Con faldas y a lo loco (1959) de Billy Wilder. Su titulo original es Some like it hot, cuya traducción, más o menos exacta, seria “A algunos les gusta caliente”. Los censores de la época, cambiando su titulo por el que ahora conocemos. Lo que ellos no sabían es que el tipo de música que tocaba la orquesta de chicas es conocido como Hot, una variante del jazz. De ahí el titulo del film.
La picara soltera (1964) de Richard Quine. Comédieta romántica de tercera fila, que no era más que un calco de los films que protagonizaron Doris Day y Rock Hudson. Con Tony Curtis y Natalie Wood como actores principales, su titulo original era Sex and the single Girl(el sexo y la soltera). Los censores no solo modificaron el titulo, sino que en los dialogos del film, sustituyeron la palabra sexo por amor.

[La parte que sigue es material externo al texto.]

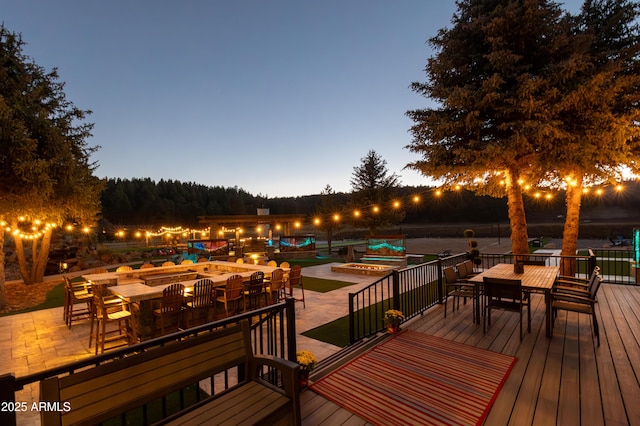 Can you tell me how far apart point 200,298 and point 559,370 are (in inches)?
239

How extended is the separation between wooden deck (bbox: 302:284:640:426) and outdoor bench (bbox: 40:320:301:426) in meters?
0.79

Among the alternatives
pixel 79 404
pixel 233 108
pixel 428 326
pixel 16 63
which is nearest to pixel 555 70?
pixel 428 326

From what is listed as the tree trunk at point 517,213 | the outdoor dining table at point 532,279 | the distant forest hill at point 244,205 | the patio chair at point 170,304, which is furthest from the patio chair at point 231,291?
the distant forest hill at point 244,205

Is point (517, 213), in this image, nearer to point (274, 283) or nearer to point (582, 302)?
point (582, 302)

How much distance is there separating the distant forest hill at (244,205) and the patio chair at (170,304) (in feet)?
114

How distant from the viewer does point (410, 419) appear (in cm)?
275

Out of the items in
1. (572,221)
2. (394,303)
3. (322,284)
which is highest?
(572,221)

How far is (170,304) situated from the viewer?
5414 mm

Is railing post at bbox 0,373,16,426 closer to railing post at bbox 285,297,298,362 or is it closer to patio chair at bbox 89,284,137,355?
railing post at bbox 285,297,298,362

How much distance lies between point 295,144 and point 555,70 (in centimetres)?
2678

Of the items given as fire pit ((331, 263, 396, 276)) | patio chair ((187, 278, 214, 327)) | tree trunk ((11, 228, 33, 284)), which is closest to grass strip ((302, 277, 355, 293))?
fire pit ((331, 263, 396, 276))

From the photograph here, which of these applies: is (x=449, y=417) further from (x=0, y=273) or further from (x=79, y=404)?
(x=0, y=273)

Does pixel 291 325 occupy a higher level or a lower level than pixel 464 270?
higher

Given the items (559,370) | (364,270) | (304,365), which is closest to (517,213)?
(364,270) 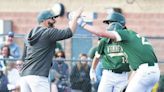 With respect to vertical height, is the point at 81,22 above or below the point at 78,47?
above

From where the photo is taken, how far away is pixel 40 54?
1157 cm

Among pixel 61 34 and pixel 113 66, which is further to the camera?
pixel 113 66

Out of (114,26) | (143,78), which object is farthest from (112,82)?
(143,78)

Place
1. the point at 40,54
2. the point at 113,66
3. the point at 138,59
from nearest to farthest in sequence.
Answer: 1. the point at 138,59
2. the point at 40,54
3. the point at 113,66

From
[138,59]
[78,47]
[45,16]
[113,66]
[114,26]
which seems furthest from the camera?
[78,47]

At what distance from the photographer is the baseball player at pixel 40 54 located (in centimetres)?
1145

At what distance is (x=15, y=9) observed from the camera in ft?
78.5

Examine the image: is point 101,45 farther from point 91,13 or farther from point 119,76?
point 91,13

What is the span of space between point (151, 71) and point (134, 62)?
0.30 metres

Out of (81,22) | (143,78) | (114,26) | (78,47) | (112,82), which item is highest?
(81,22)

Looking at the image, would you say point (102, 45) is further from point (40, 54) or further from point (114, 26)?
point (40, 54)

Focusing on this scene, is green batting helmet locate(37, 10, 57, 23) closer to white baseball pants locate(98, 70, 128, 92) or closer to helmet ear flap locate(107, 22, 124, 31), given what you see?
helmet ear flap locate(107, 22, 124, 31)

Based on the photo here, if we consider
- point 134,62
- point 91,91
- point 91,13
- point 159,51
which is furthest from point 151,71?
point 91,13

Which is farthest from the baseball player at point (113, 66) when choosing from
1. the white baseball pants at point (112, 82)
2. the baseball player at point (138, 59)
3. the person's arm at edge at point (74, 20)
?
the person's arm at edge at point (74, 20) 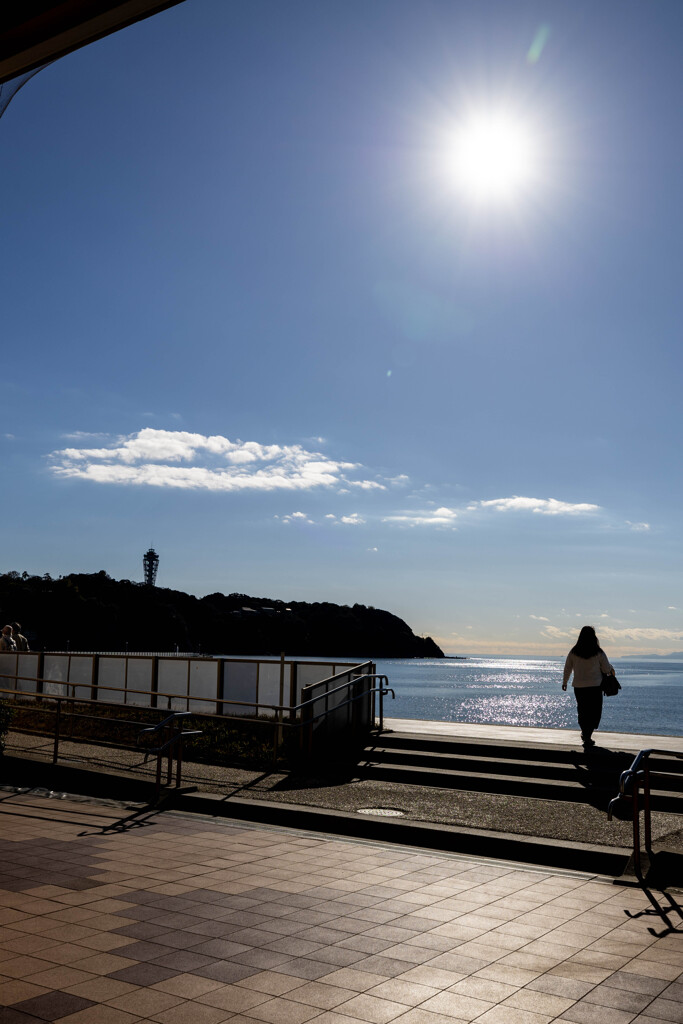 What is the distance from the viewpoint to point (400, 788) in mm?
10438

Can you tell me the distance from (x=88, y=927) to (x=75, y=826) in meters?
3.54

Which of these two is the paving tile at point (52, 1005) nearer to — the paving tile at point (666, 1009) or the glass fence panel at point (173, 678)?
the paving tile at point (666, 1009)

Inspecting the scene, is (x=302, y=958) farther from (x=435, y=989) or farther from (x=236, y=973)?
(x=435, y=989)

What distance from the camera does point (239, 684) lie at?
16984 mm

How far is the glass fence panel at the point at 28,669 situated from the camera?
20180mm

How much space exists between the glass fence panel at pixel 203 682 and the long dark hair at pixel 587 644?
7.99 metres

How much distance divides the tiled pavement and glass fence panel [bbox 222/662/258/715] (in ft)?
28.5

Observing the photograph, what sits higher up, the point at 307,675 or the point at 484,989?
the point at 307,675

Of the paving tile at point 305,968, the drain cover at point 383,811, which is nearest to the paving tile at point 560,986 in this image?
the paving tile at point 305,968

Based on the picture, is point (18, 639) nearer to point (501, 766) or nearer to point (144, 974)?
point (501, 766)

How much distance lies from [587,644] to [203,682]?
866 centimetres

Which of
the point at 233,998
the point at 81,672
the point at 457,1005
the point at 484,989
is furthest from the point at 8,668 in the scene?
the point at 457,1005

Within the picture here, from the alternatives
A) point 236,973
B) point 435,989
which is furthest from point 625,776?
point 236,973

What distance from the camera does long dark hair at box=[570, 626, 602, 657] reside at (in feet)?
40.4
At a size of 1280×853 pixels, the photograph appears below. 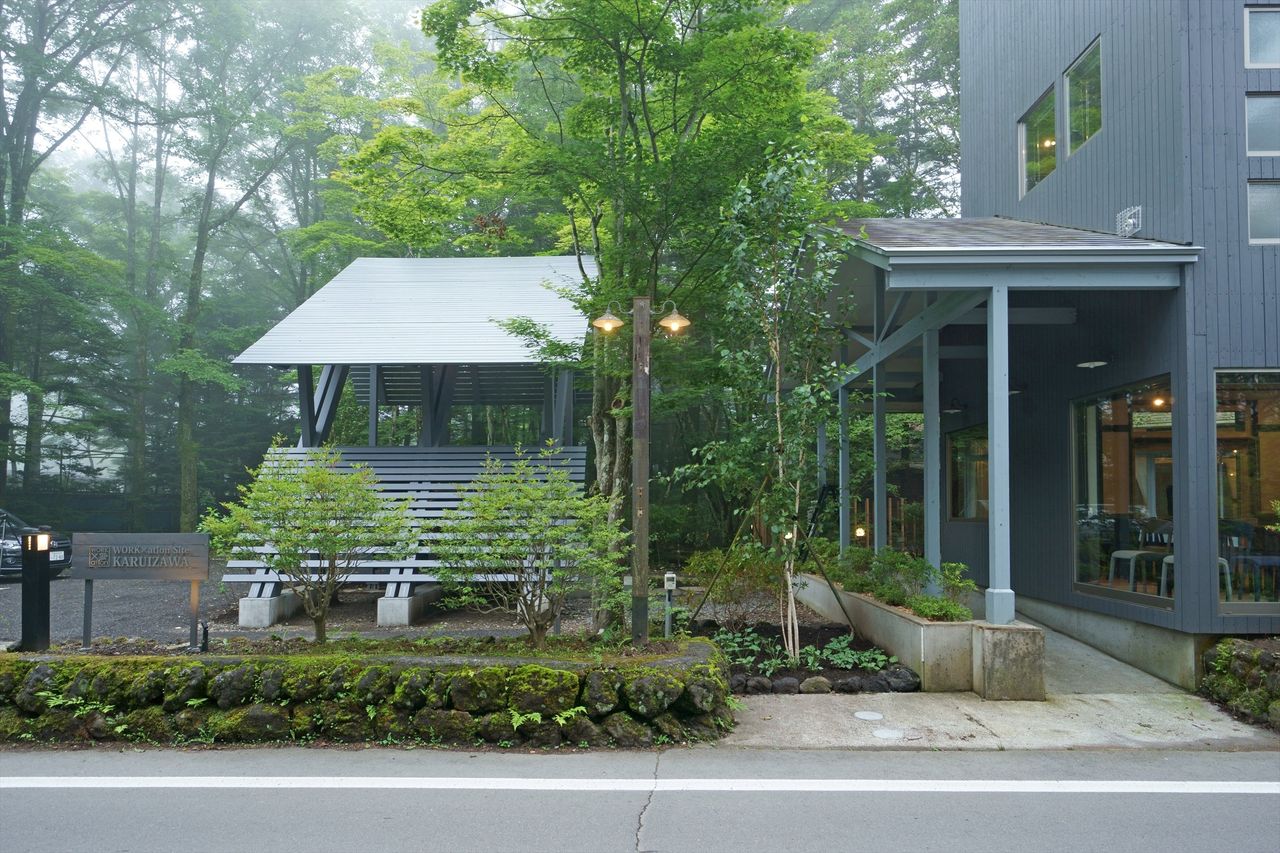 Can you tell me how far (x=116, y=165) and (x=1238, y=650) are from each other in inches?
Answer: 1501

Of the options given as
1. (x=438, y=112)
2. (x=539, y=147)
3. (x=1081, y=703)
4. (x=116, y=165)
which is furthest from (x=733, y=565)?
(x=116, y=165)

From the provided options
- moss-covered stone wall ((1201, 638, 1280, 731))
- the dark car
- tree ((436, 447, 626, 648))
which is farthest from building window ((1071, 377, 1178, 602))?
the dark car

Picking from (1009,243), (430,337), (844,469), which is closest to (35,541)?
(430,337)

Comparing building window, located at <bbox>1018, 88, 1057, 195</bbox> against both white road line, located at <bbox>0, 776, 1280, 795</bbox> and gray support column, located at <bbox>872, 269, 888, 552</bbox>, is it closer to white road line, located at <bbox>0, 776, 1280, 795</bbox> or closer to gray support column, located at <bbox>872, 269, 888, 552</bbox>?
gray support column, located at <bbox>872, 269, 888, 552</bbox>

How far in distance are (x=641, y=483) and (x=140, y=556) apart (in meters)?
4.69

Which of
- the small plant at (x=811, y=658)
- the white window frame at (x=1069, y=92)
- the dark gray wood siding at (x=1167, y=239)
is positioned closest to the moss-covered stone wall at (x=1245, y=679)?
the dark gray wood siding at (x=1167, y=239)

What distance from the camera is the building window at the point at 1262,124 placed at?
26.9ft

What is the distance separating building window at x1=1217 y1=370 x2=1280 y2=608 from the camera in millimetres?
7895

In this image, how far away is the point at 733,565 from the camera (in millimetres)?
9633

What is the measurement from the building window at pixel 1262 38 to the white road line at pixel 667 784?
270 inches

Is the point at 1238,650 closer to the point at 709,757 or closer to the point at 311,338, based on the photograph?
the point at 709,757

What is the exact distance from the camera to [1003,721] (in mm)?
6848

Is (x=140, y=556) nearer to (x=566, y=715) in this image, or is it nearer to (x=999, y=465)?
(x=566, y=715)

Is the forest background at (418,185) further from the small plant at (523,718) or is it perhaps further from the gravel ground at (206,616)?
the small plant at (523,718) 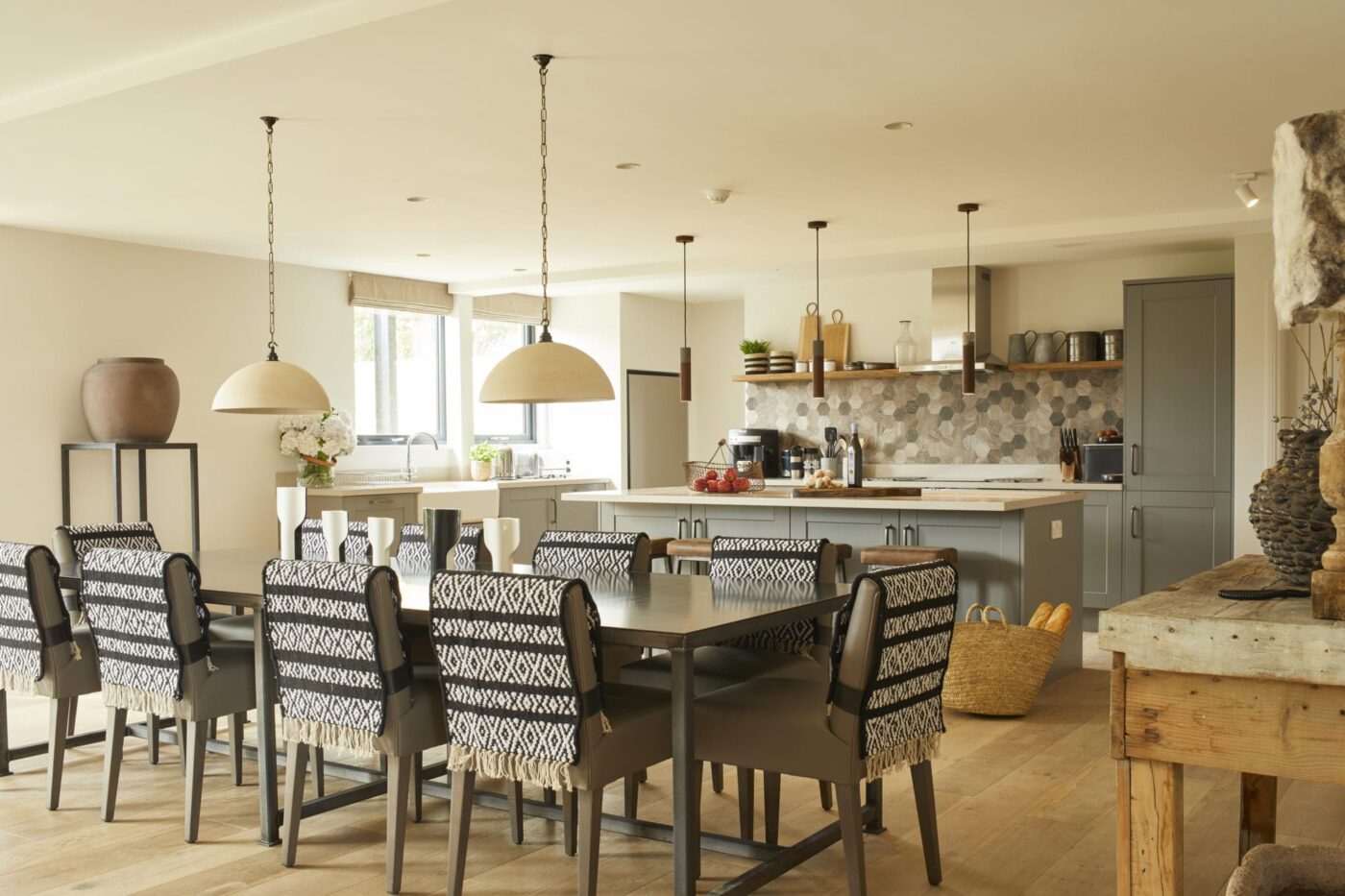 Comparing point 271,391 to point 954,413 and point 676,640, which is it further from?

El nuevo caso del inspector Clouseau (1964) de Blake Edwards. Secuela del gran éxito La Pantera Rosa, que significo el principio de esta divertida saga. Su titulo original es A shot in the dark (Un disparo en la oscuridad). Los distribuidores del film decidieron cambiarlo para que el público no creyera que iba a ver un film de acción, cuando la película era una comedia.